Distinguished between price elasticity of demand and cross elasticity ...
Price elasticity of demand is the demand of a particular product in response to the change in the actual price, means how much change in the price affects the demand for goods and services while other factors are constant. for calculating the price elasticity of demand we should divide the change in the quantity that is demanded by the change in the price. There is two type of elasticities, one is elastic and second is inelastic.
- Elastic Demand: Elastic demand is when the consumer responds more to the price being changed of a particular good.
- Inelastic Demand: Inelastic Demand is when there is little or no change in the demand for a product when there is a change in the price.
Price Elasticity of Demand = Percentage change in the quantity demanded/ percentage change in the price.
Cross elasticity of demand is responsible for measuring the actual change in the demand for one product because of the price change of another product. Means if a particular product has a substitute and it's price increases so the demand of the substitute will increase.
Cross elasticity of Demand = Percentage change in the quantity that is demanded of commodity A/ Percentage change in the price of commodity B.
Attached is the graphical representation of price elasticity of demand as well as cross elasticity of demand.

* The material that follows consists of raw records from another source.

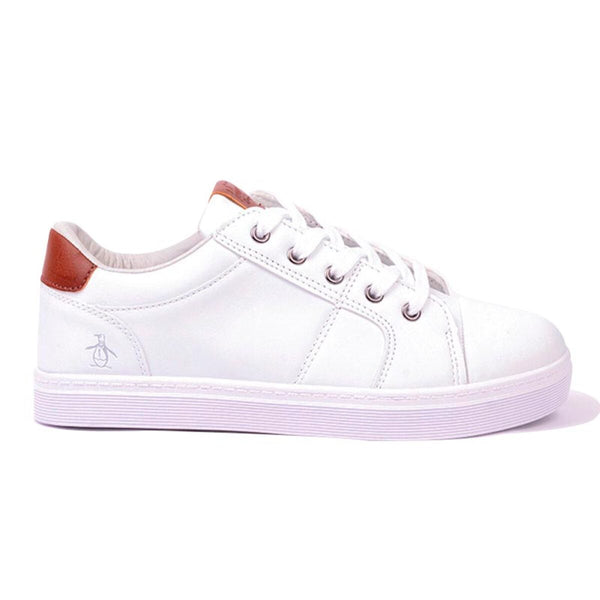 Tenis Original Penguin Style Theo  Blanco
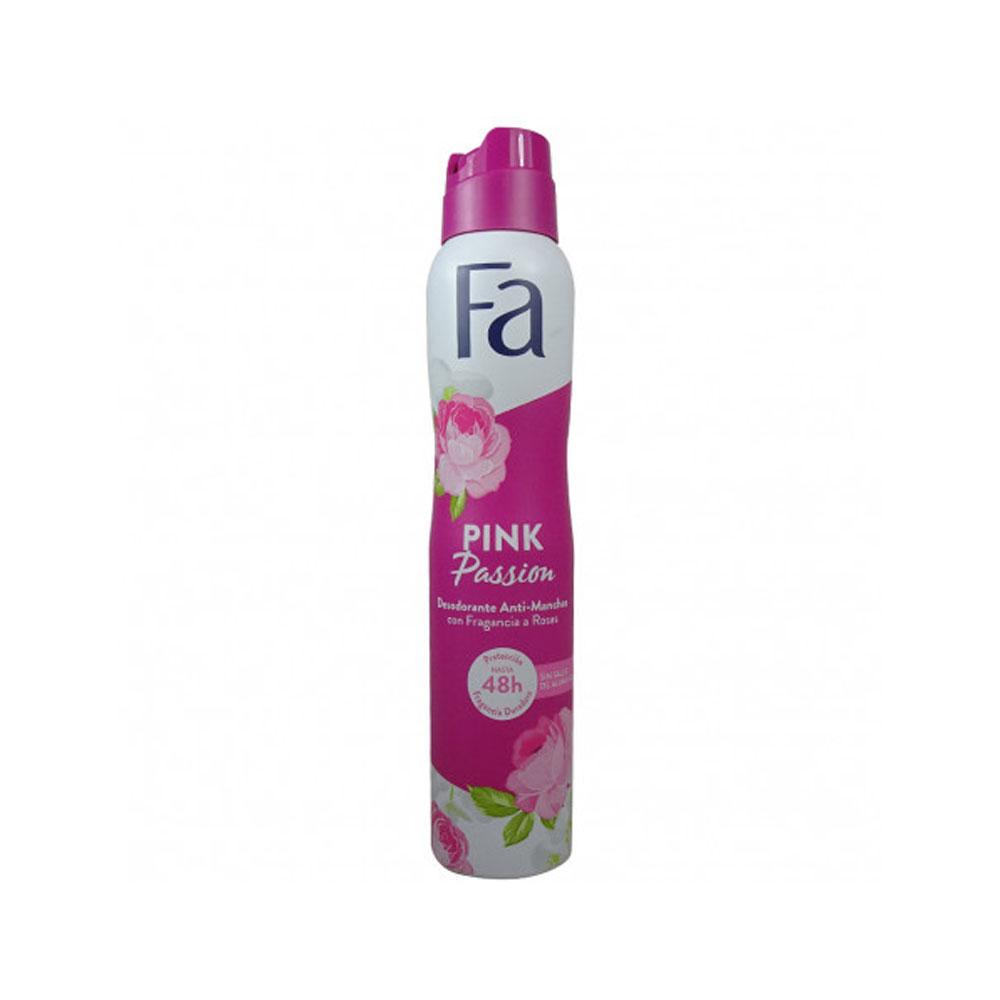 FA Pink Passion Body Spray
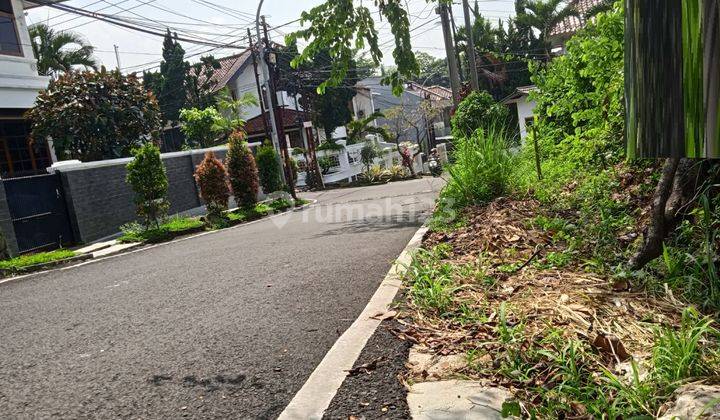 Tanah Hook Cocok Bangun Rumah di Cigadung 2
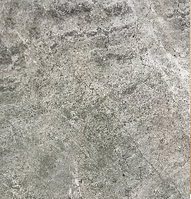 Керамогранит, темно-серый с разводами, 60х60 см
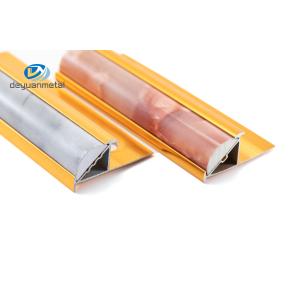 Анодированный алюминиевый изогнутый угловой профиль, 6063 предохранителя алюминиевых стены угловых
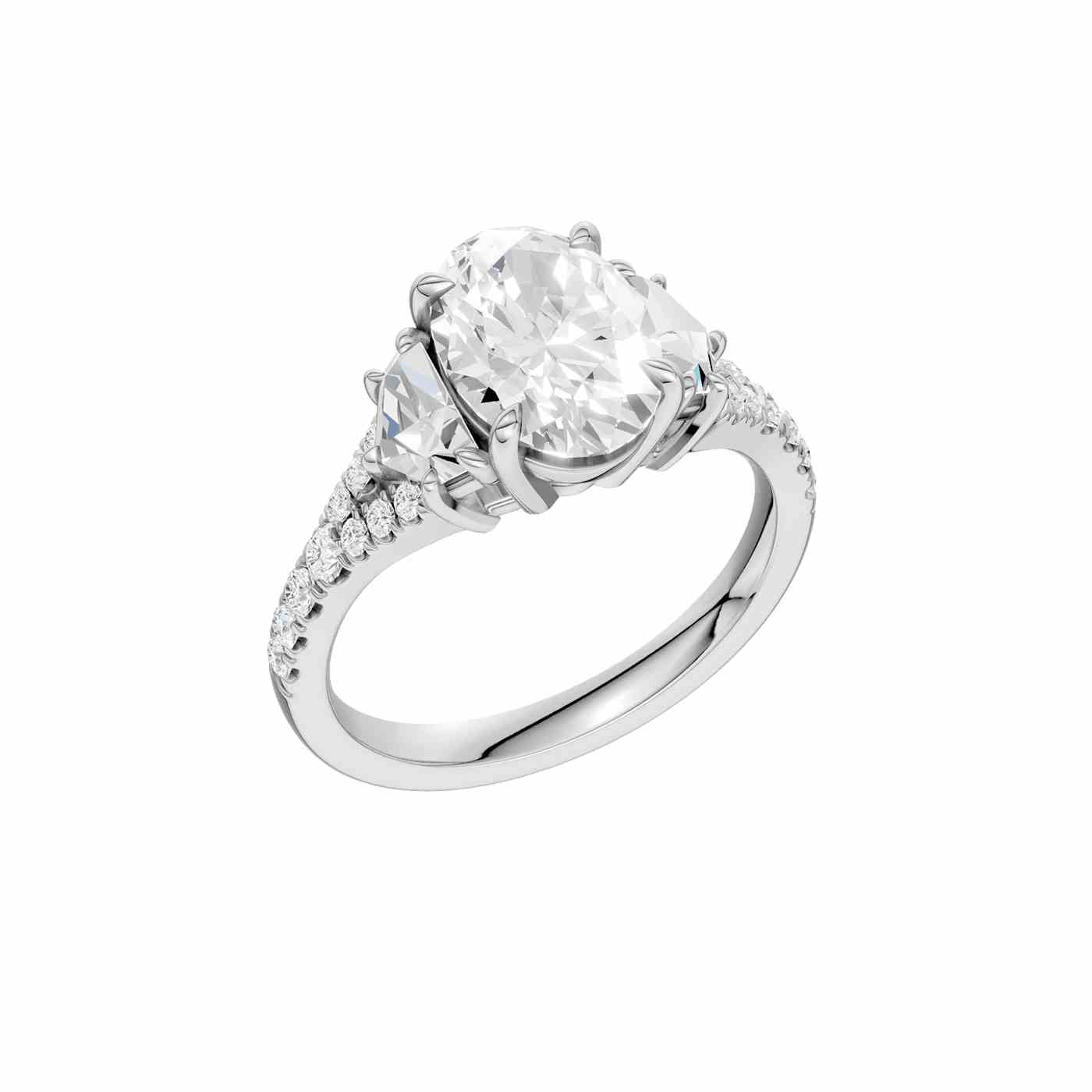Brillante Ring | Epaullete Cut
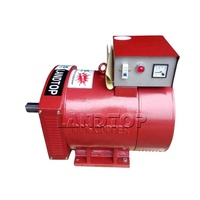 Ac Borstel Dynamo 100% Koper Enkel/Drie Fase Generator 5KW 10kw 30kw 75kv Dynamo Op Verkoop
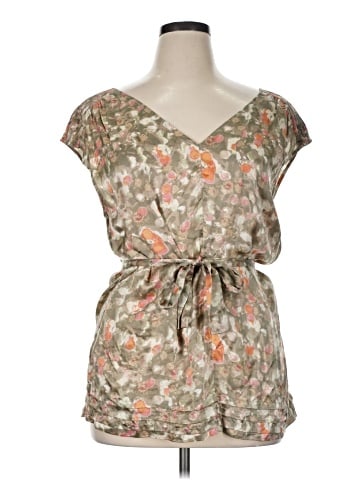 Banana Republic Short Sleeve Blouse (view 1)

Price elasticity of demand is useful in the decision making of the firms because it affects the demand for the products which in return affects the revenue of the firm. If the demand is elastic and the firm changes a price of a product then there will be a huge change in the demand which in return will result in the loss and there will be less revenue generation. So decisions are made considering the elasticity or inelasticity of a product, that if the price changes how much demand will be affected and how much difference will it make to the revenue of the company.